------ Records for this exercise
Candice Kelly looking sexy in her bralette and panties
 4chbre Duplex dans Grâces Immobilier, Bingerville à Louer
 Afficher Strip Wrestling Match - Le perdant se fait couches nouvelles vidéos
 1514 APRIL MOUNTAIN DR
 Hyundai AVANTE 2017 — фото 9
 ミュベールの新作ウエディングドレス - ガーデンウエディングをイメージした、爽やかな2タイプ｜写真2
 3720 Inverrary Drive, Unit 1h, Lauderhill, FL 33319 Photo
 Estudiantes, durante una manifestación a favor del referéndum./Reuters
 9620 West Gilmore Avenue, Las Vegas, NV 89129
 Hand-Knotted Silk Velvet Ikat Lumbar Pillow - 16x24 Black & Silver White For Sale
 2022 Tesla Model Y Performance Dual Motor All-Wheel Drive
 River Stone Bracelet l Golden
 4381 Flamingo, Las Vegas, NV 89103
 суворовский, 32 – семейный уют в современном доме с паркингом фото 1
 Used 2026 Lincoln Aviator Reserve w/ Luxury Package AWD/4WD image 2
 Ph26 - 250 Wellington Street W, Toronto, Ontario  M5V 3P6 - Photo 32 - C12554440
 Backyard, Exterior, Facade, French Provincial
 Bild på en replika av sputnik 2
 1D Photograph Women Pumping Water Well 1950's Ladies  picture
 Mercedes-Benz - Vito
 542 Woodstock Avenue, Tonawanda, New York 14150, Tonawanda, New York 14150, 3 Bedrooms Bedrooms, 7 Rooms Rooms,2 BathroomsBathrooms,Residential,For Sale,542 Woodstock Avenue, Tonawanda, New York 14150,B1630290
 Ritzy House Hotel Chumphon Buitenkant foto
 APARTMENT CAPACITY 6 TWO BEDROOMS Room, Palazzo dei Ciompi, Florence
------------
Activity:
Repeat exactly the lines that run from the opening of the listing through the line holding "542 Woodstock Avenue, Tonawanda, New York 14150, Tonawanda, New". Leave out everything else.

Solution:
Candice Kelly looking sexy in her bralette and panties
 4chbre Duplex dans Grâces Immobilier, Bingerville à Louer
 Afficher Strip Wrestling Match - Le perdant se fait couches nouvelles vidéos
 1514 APRIL MOUNTAIN DR
 Hyundai AVANTE 2017 — фото 9
 ミュベールの新作ウエディングドレス - ガーデンウエディングをイメージした、爽やかな2タイプ｜写真2
 3720 Inverrary Drive, Unit 1h, Lauderhill, FL 33319 Photo
 Estudiantes, durante una manifestación a favor del referéndum./Reuters
 9620 West Gilmore Avenue, Las Vegas, NV 89129
 Hand-Knotted Silk Velvet Ikat Lumbar Pillow - 16x24 Black & Silver White For Sale
 2022 Tesla Model Y Performance Dual Motor All-Wheel Drive
 River Stone Bracelet l Golden
 4381 Flamingo, Las Vegas, NV 89103
 суворовский, 32 – семейный уют в современном доме с паркингом фото 1
 Used 2026 Lincoln Aviator Reserve w/ Luxury Package AWD/4WD image 2
 Ph26 - 250 Wellington Street W, Toronto, Ontario  M5V 3P6 - Photo 32 - C12554440
 Backyard, Exterior, Facade, French Provincial
 Bild på en replika av sputnik 2
 1D Photograph Women Pumping Water Well 1950's Ladies  picture
 Mercedes-Benz - Vito
 542 Woodstock Avenue, Tonawanda, New York 14150, Tonawanda, New York 14150, 3 Bedrooms Bedrooms, 7 Rooms Rooms,2 BathroomsBathrooms,Residential,For Sale,542 Woodstock Avenue, Tonawanda, New York 14150,B1630290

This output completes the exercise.